If a matrix $A$ has repeated eigenvalues, its eigenspace matrix would be dependent because there isn't enough eigenvector to tag along with the eigenvalue.
But if a matrix $A$ has repeated eigenvalues of $0$, that means the matrix $A$ is singular, then the dimension of the nullspace of matrix $A$ is the number of $0$ eigenvalues that matrix $A$ has. Although I read that the eigenvectors of the matrix A are dependent if there are repeated eigenvalues, I'm thinking why couldn't the eigenvectors be independent if the repeated eigenvalues were $0$?
Say in a matrix that has 2 eigenvalues of $0$, this implies that $dim(N(A))=2$, then wouldn't the eigenvector to each of this eigenvalue of $0$ be the 2 independent nullspace vectors? Then when putting all the eigenvectors together to form an eigenspace matrix, they will all be independent, wouldn't it?
What do I don't understand that lead me to this thought?
Thanks for any help.
Update:
With the example suggested by Didier Piau,
$$A=\begin{bmatrix}
0 & 1\\
0 & 0
\end{bmatrix}$$
The $rank(A)=1$, $N(A)=\begin{bmatrix}
1\\
0
\end{bmatrix}$, $eigenvals(A)=0, 0$ and true enough, the eigenvector can only be $\begin{bmatrix}
1\\
0
\end{bmatrix}$ and therefore the eigenspace is dependent. There isn't enough eigenvectors to tag to the other eigenvalue of zero.
But say with another example of matrix $B$,
$$B=\begin{bmatrix}
1 & 2 & 3\\
1 & 2 & 3\\
2 & 4 & 6
\end{bmatrix}$$
The $rank(B)=1$, the $N(A)=c_{1}\begin{bmatrix}
-2\\
1\\
0
\end{bmatrix}
+
c_{2}\begin{bmatrix}
-3\\
0\\
1
\end{bmatrix}, c_{1}, c_{2} \in \mathbb{R}$, $eigenvals(B)=9, 0,0$ then the eigenvectors are…
$$B\begin{bmatrix}
0.5\\
0.5\\
1
\end{bmatrix}=9\begin{bmatrix}
0.5\\
0.5\\
1
\end{bmatrix}$$
Then for the next two eigenvalues of $0$, which eigenvector do I choose to use as their eigenvector?
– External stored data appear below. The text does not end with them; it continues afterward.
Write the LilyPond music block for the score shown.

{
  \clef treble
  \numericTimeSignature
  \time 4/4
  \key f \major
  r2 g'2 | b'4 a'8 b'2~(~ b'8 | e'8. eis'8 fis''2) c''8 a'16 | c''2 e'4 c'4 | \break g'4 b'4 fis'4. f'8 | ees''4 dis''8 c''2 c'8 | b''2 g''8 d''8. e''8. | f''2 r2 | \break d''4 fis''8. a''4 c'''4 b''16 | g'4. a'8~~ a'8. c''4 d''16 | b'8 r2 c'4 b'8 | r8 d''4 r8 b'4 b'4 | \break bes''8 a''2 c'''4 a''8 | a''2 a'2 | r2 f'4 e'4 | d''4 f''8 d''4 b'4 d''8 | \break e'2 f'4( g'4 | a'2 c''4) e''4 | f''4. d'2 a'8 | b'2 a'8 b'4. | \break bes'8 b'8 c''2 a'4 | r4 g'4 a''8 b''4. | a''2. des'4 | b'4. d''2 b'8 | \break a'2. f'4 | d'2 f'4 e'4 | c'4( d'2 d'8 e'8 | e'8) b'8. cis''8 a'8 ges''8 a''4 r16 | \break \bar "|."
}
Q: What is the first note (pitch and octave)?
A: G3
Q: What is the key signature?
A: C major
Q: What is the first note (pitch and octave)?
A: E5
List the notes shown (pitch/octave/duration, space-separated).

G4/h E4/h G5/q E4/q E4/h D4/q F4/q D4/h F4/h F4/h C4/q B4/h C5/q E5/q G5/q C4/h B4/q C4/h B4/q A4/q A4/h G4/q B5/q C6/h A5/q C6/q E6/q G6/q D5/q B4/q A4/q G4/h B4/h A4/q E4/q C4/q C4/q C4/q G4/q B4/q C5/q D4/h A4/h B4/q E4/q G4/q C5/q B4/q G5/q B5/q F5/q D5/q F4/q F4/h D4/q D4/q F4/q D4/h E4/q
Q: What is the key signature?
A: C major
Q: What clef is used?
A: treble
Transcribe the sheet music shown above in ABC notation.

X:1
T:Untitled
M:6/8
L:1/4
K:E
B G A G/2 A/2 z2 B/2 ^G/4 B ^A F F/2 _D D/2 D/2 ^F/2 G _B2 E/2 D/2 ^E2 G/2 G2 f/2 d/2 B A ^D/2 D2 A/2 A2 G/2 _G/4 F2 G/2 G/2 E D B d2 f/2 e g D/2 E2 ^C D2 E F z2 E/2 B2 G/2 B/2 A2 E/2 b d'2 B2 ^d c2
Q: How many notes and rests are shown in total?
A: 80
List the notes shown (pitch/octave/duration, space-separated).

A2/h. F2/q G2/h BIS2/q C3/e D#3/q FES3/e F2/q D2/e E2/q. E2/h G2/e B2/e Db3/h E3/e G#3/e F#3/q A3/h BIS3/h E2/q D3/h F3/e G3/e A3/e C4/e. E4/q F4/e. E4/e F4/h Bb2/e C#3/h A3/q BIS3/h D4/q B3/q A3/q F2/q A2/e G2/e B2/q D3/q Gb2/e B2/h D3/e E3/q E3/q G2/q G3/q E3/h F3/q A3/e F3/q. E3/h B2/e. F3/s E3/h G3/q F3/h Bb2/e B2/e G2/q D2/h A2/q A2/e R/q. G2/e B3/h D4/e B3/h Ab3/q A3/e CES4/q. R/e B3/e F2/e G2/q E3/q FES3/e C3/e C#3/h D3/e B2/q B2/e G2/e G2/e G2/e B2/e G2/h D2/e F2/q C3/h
Do I use one for each or only just one of the two or both of the two?
$$B\begin{bmatrix}
0.5\\
0.5\\
1
\end{bmatrix}=0\begin{bmatrix}
-2\\
1\\
0
\end{bmatrix}$$
and it could also be…
$$B\begin{bmatrix}
0.5\\
0.5\\
1
\end{bmatrix}=0\begin{bmatrix}
-3\\
0\\
1
\end{bmatrix}$$
Then for the eigenspace, should it be: $\begin{bmatrix}
0.5 & -2 & 3\\
0.5 & 1 & 0\\
1 & 0 & 1
\end{bmatrix}$ or $\begin{bmatrix}
0.5 & -2 & -2\\
0.5 & 1 & 1\\
1 & 0 & 0
\end{bmatrix}$ or $\begin{bmatrix}
0.5 & 3 & 3\\
0.5 & 0 & 0\\
1 & 1 & 1
\end{bmatrix}$?
Best Answer
One can test one's understanding of this question on the matrix A=[0,1|0,0], since this example already exhibits many of the relevant features of the problem. For eample, one cannot find two linearly independent vectors v and w such that Av=Aw=0 (try to solve for v the equation Av=0) although 0 is a double root of the characteritic polynomial det(XI-A)=X^2.
This is not specific to the eigenvalue 0. Recall that for any eigenvalue one distinguishes its algebraic multiplicity n (in this case, n=2) from its geometric multiplicity m (in this case, m=1). See here for more details and a worked out example.